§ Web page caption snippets

↓↓↓

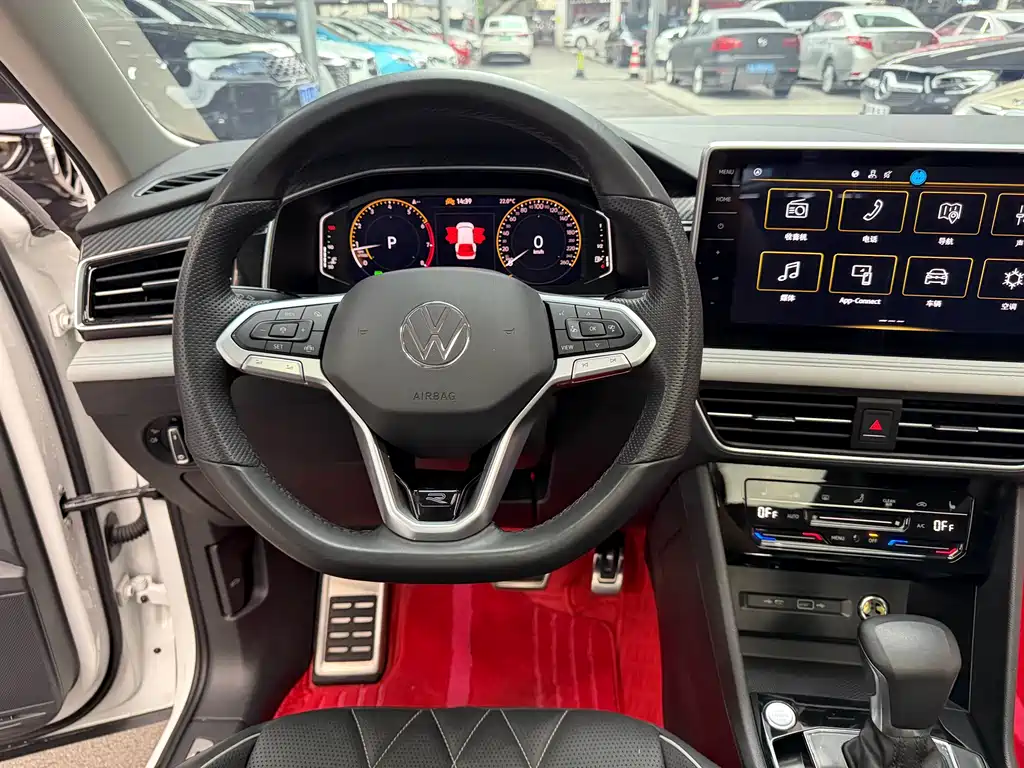 Tiguan L 2024 330TSI automatic two-wheel drive R-Line version купить на сайте DeffCars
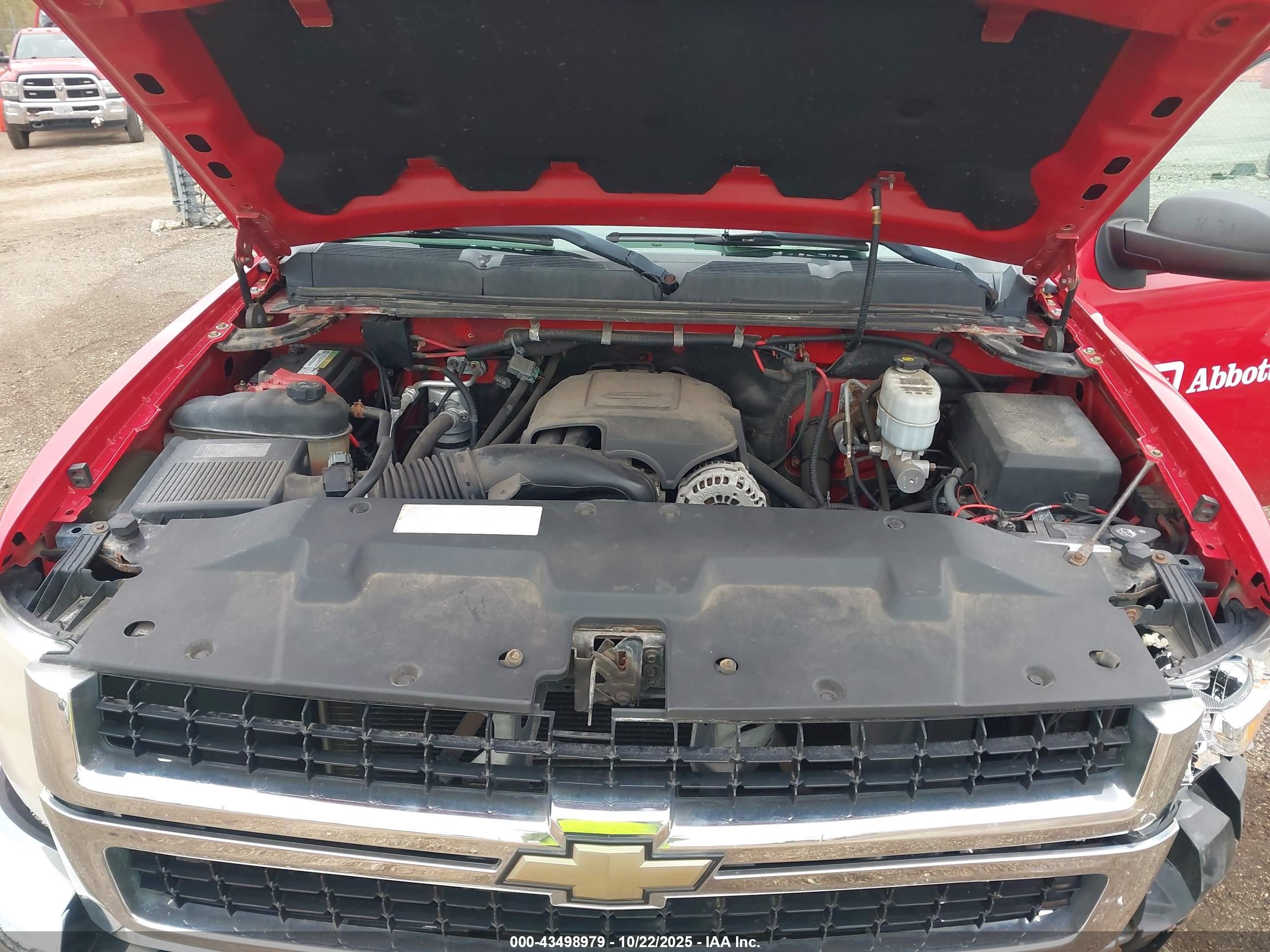 CHEVROLET SILVERADO image 10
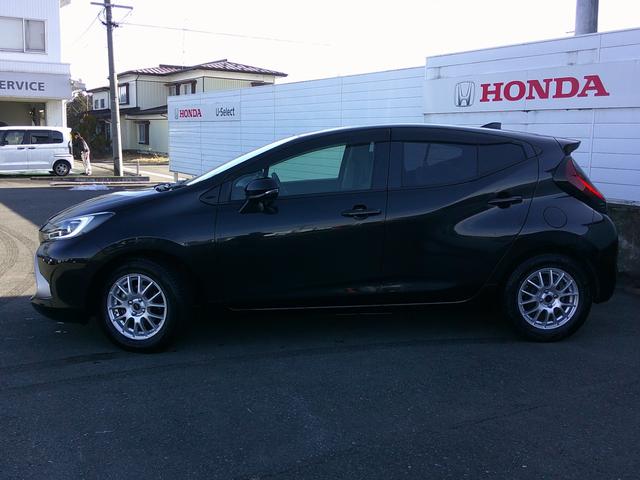 アクア Ｚ　純正ナビ・ＴＶ・バックカメラ・衝突軽減ブレーキ・路外逸脱抑制機能・クルーズコントロール・ＥＴＣ・ドラレコ・ＬＥＤヘッドライト・フォグ（5枚目）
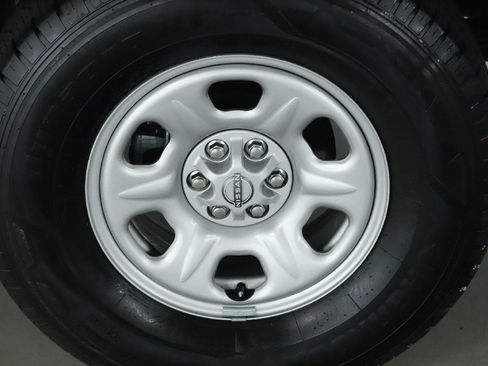 Used 2024 Nissan Frontier S w/ S Utility Package image 35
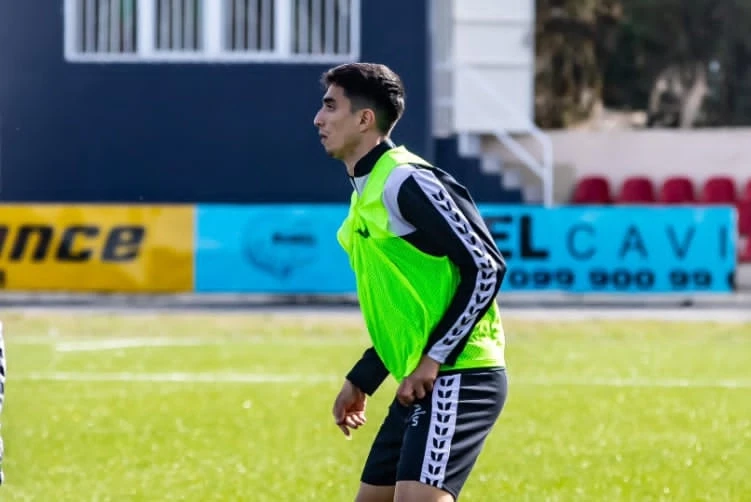 Karvan-Yevlax futbolçusundan Neftçi ilə oyun öncəsi fikirlər: Doğma meydan üstünlüyümüzdür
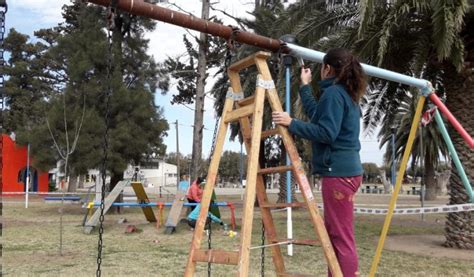 Trenel Acondicionan Los Juegos Infantiles Del Parque Municipal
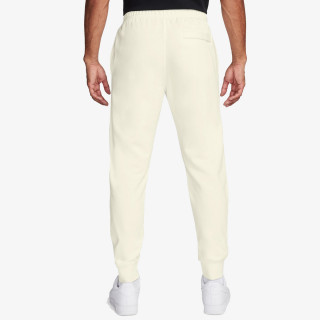 Nike Sportswear Club 
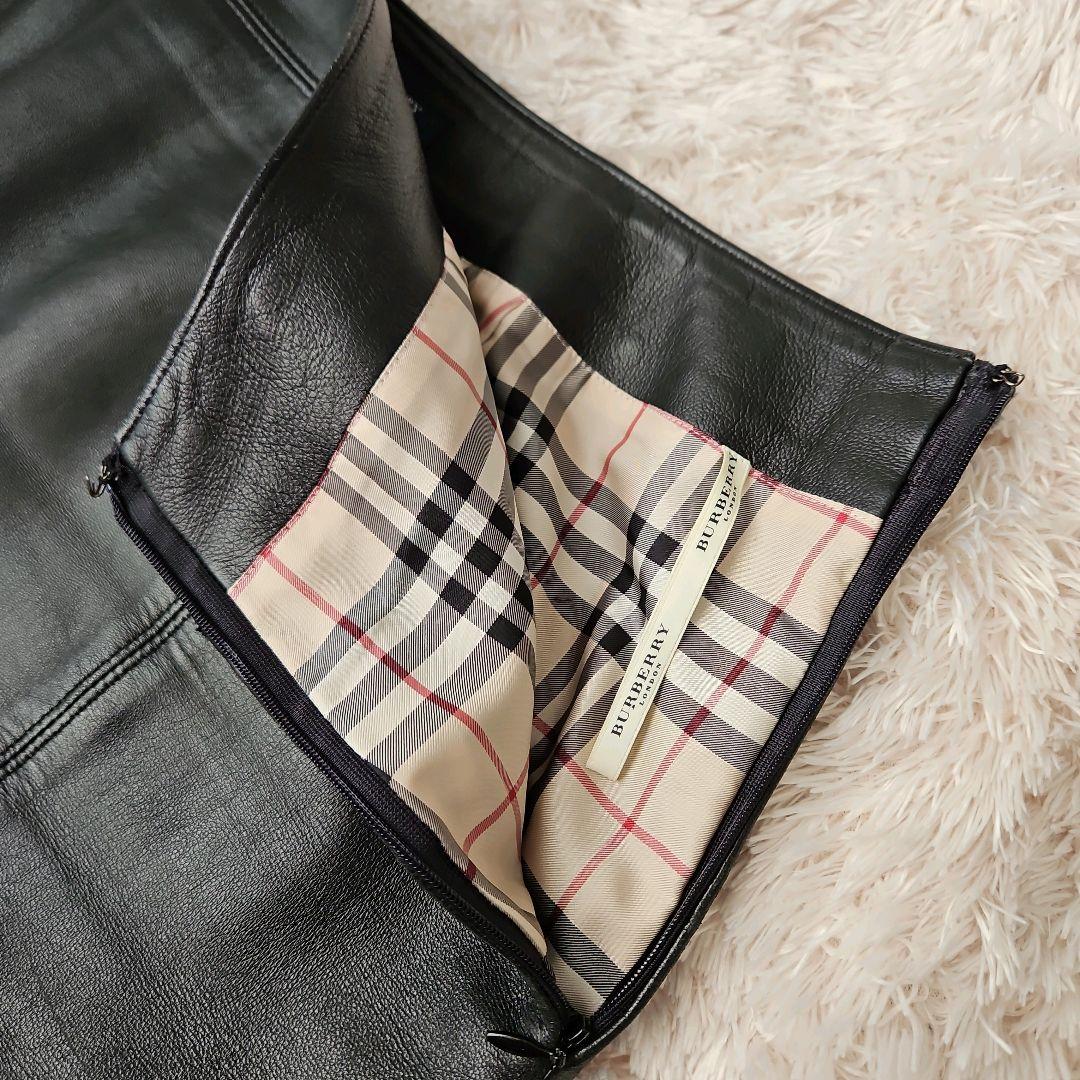 美品☆BURBERRY LONDON ラムレザースカート 裏地 ノバチェック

↑↑↑

§ YOUR ASSIGNMENT
Starting from the line with "CHEVROLET SILVERADO image 10" in the records above, repeat each line exactly until you have written the line with "Used 2024 Nissan", then stop; drop the pictures.

§ SOLUTION TO THIS EXERCISE
 CHEVROLET SILVERADO image 10
 アクア Ｚ　純正ナビ・ＴＶ・バックカメラ・衝突軽減ブレーキ・路外逸脱抑制機能・クルーズコントロール・ＥＴＣ・ドラレコ・ＬＥＤヘッドライト・フォグ（5枚目）
 Used 2024 Nissan Frontier S w/ S Utility Package image 35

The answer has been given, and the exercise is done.